--- START ---

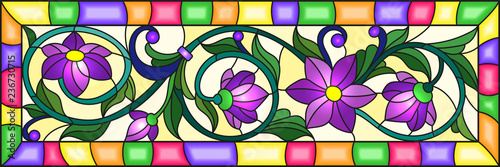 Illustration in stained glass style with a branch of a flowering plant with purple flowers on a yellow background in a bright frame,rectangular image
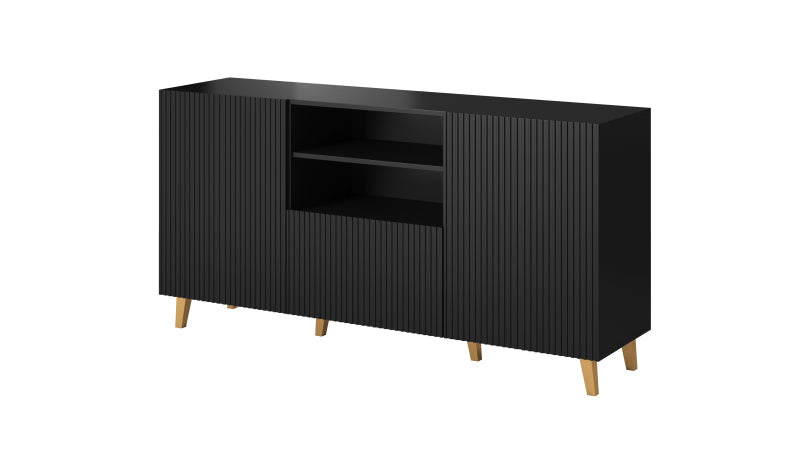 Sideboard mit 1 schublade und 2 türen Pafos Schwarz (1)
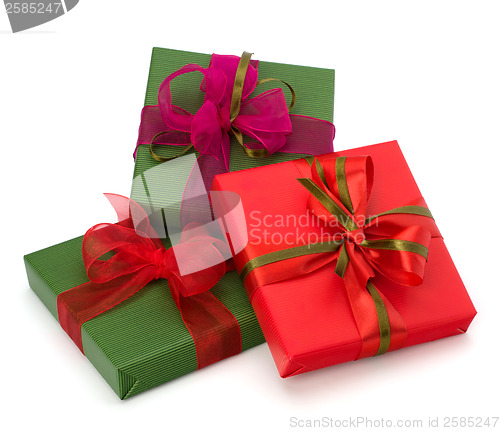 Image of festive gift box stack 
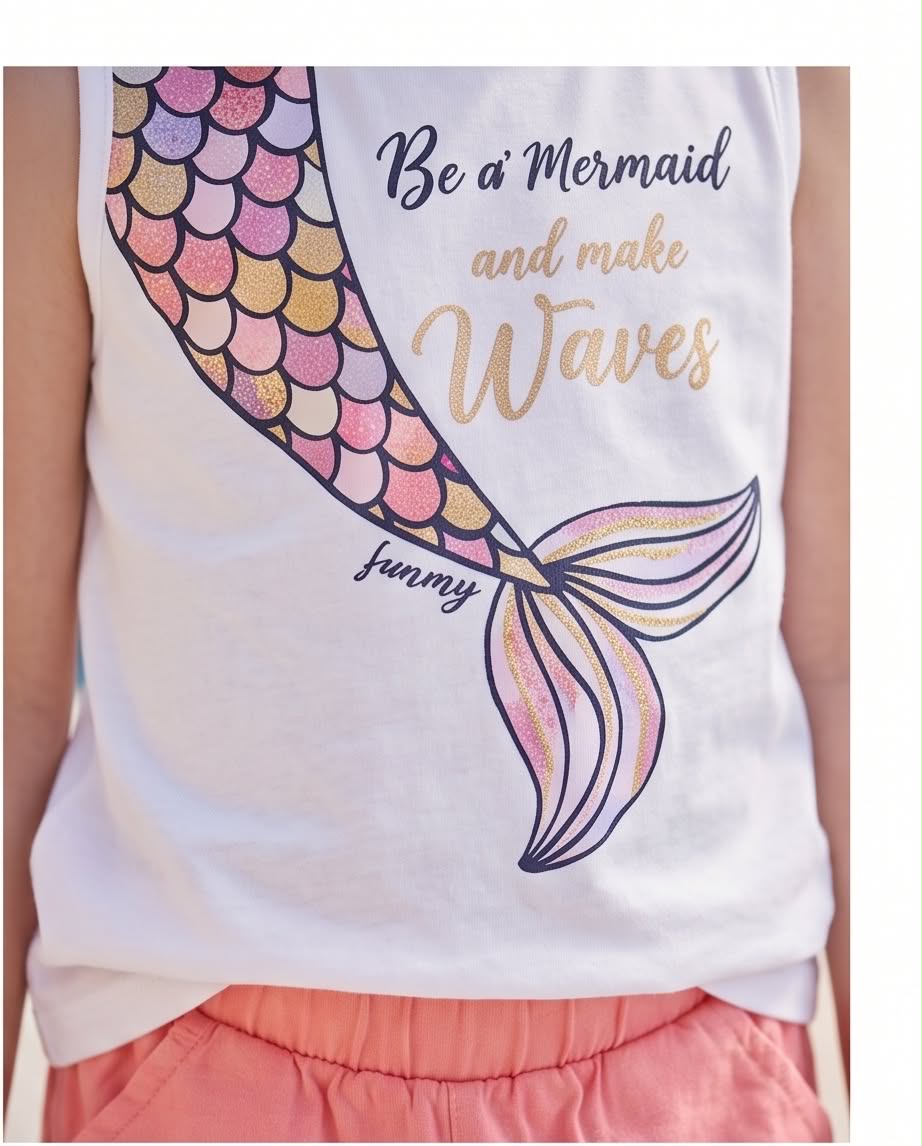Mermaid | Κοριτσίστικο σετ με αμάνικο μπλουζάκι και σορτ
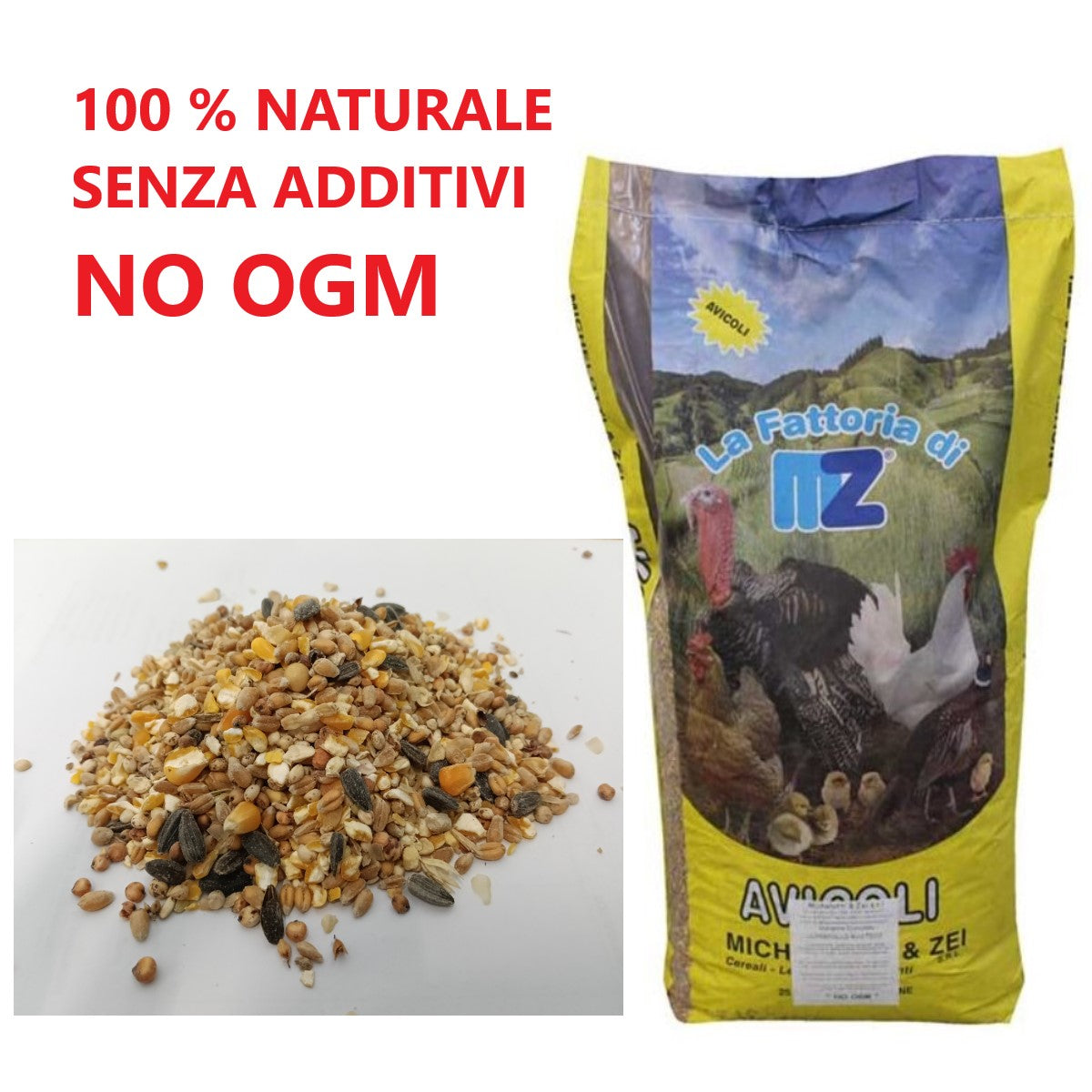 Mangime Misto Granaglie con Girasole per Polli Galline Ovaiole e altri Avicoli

--- END ---

- [What needs to be done]:
Transcribe exactly the lines from the one containing "Mermaid | Κοριτσίστικο" through the last line of the records above, and nothing else. Leave out the pictures.

- [Written answer]:
Mermaid | Κοριτσίστικο σετ με αμάνικο μπλουζάκι και σορτ
 Mangime Misto Granaglie con Girasole per Polli Galline Ovaiole e altri Avicoli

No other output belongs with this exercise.